Directors are often the observers. They watch and take in all of the events that take place in The Atrium and take note of people’s behavior. If you feel someone’s eyes on you in The Atrium, chances are it’s not a stalker, but a director. Directors are very savvy, clever and astutely aware of their environment – they are hard to catch. The other species attempt to be on their best behavior in front of the directors, because the directors are ultimately the judges of the bunch.
Stage managers, too, are incredibly aware of their surroundings. Perhaps the most organized of The Atrium environment, the stage managers are also the most susceptible to fits of extreme anxiety and stress. The stage managers hold the weight and the problems of all of the other groups combined while trying to maintain a state of elegant composure. Stage managers often have the biggest hair because it holds all of the secrets of the theater department.

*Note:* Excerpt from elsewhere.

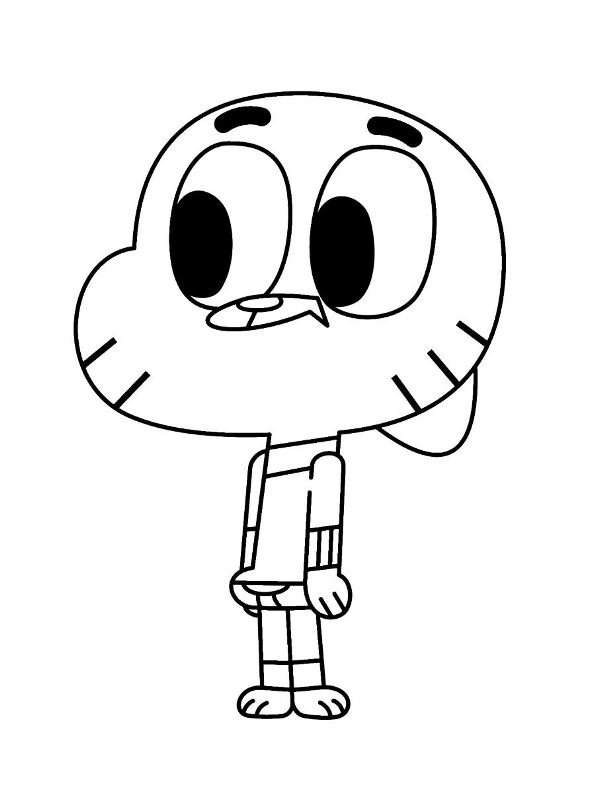 Gumball Watterson, kleurplaat van Wonderlijke wereld van Gumball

The designers are the ultimate survivors and have found a way not only to adapt to, but also to thrive in this environment. The designers have found secret coves to retreat to when The Atrium becomes too chaotic. Several coves on the outlying regions of The Atrium give refuge to designers of all mediums. Likewise, the faculty members have separated themselves from the masses. Above The Atrium on either side are breezeways where the faculty can stand above us commoners like watchdogs, saying to each other, “Everything the light touches is our kingdom.” We, as their servants, must look up and pay our daily homage to the faculty, the most evolved of us all.
Well, that’s all for today’s tour. If there is anything to take with you from this lesson, it’s this: Do not use the couches, do not tell an MT to be quiet and do not feed the actors.